Today, just like decades ago, the hichka room is accessed immediately upon entering. Except, this ancestral home has, since October 2015, been rechristened and revamped into the posh-yet-very homey Parsi-style homestay called The Bhuj House, located in Bhuj’s Camp Area in Gujarat’s Kutch district. It’s easy to spot—stop in front of a sand-themed front façade with a jafri or latticework screen surrounding it and a red-tiled slanting roof above it. If they are there, you will be greeted by Jehan Bhujwala and his wife, Katie, the current generation responsible for making it into a homestay, or else, the equally hospitable Khurshed, the manager.
But the roots can be traced to Sorabji Dadabhoy. If he hadn’t migrated to the town in the 19th century, his son and Faradoon’s father, Pestonji Sorabji Bhujwala, wouldn’t have built this ancestral home and it wouldn’t have become the massive courtyard house it is today. In fact, of the 20 Parsi families who joined Sorabji to inhabit the Camp Area, the houses of only two remain standing, and only this one remains in use. Pestonji’s great-grandson, the namesake Pestonji Ardeshir Bhujwala, is to thank for that. If the latter hadn’t spent his initial years here before moving to Mumbai, he would not have become so attached to the place. The ancestral home was his childhood. His son, Jehan, grew up with the exact same sentiment.
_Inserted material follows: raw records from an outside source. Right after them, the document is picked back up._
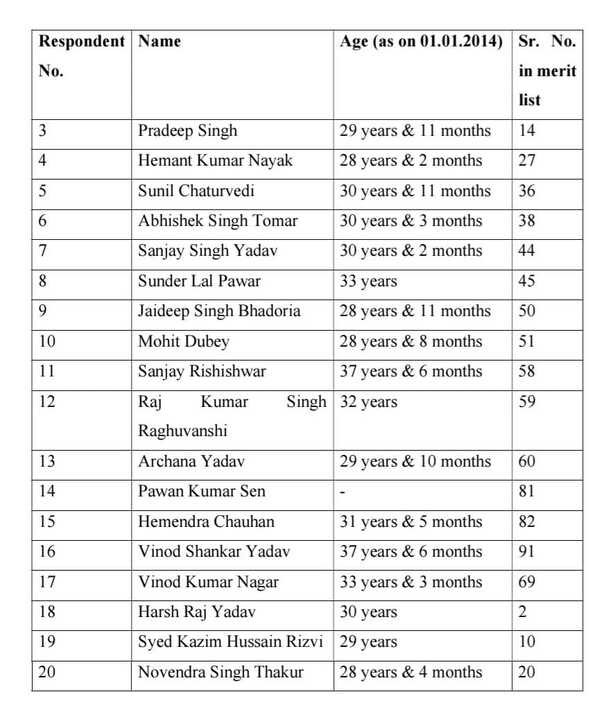 एमपी पुलिस भर्ती 2013 पर जबलपुर हाई कोर्ट का बड़ा फैसला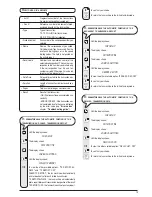 Предварительный просмотр 25 страницы Olivetti Jet-Lab 490 Instructions Manual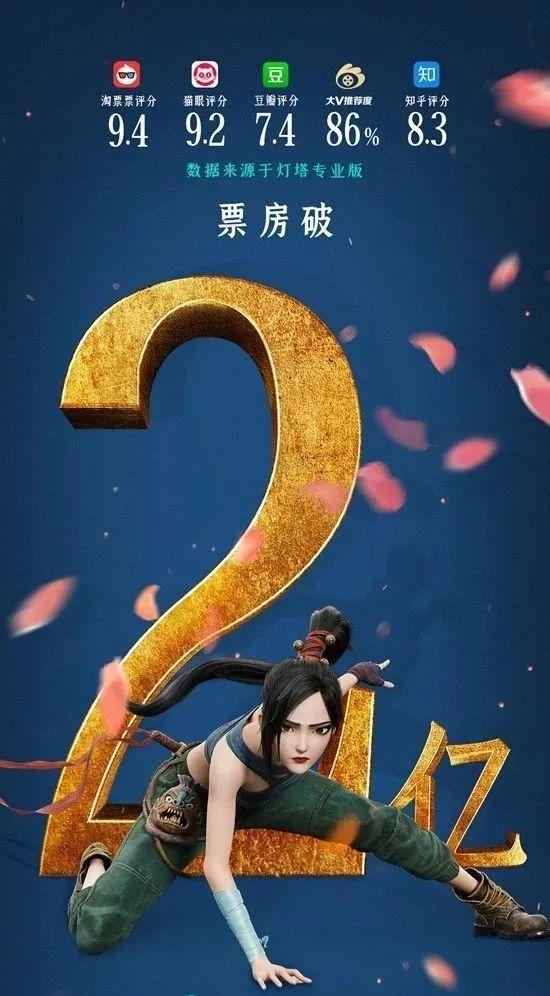 《冲出地球》突然跳票：是惧怕了《白蛇2》？还是被粉丝骂怕了？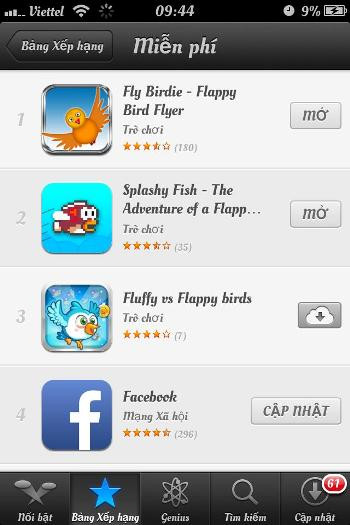 Ba game ăn theo Flappy Bird đứng đầu bảng xếp hạng AppStore Việt Nam. Ba game ăn theo Flappy Bird đứng đầu bảng xếp hạng AppStore Việt Nam.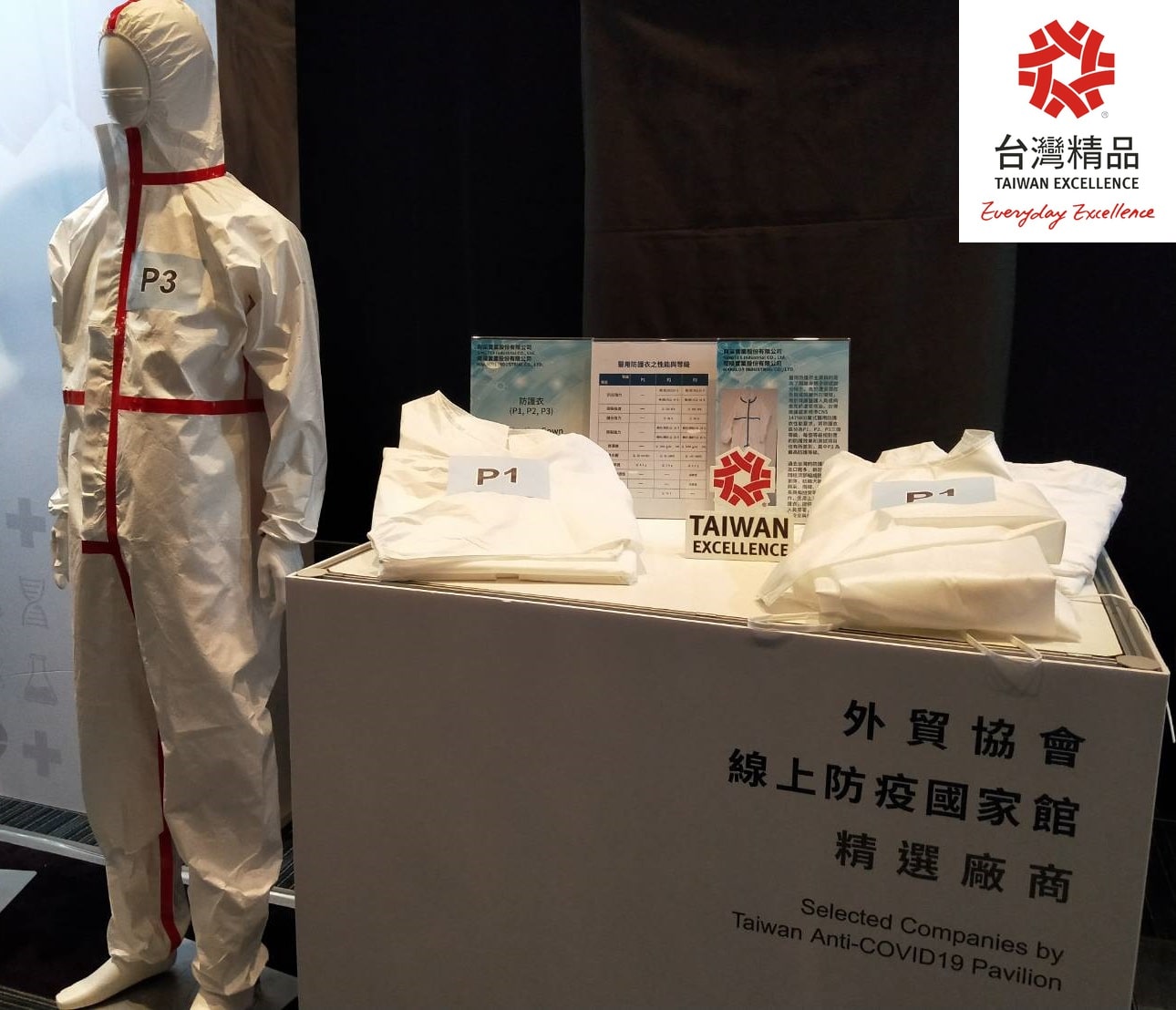 Taiwan Excellence Awarded Protective Mask & Clothing Industry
Everything here stands frozen in time—the hichka room has an at least 60-year-old HMV gramophone with an accompanying vinyl collection, a table with an ancient telephone, old glass lamps and the portrait of the mustachioed first Pestonji with his Parsi cap on. The adjoining sitting room has many such artefacts too, such as an ancient Remington Portable Model V typewriter.
We stayed in Rohee’s Room, which has a story of its own. Cousin Rohee was its last occupant and one of the last Parsis to move from Bhuj. For me, this room symbolised the migration of the community away from the town, the same town that once housed many families and where the first Pestonji earned the maharao or maharaja’s camaraderie made a fortune manufacturing liquor. He even founded an agiary or fire temple, which is one of the three Parsi buildings left in the area.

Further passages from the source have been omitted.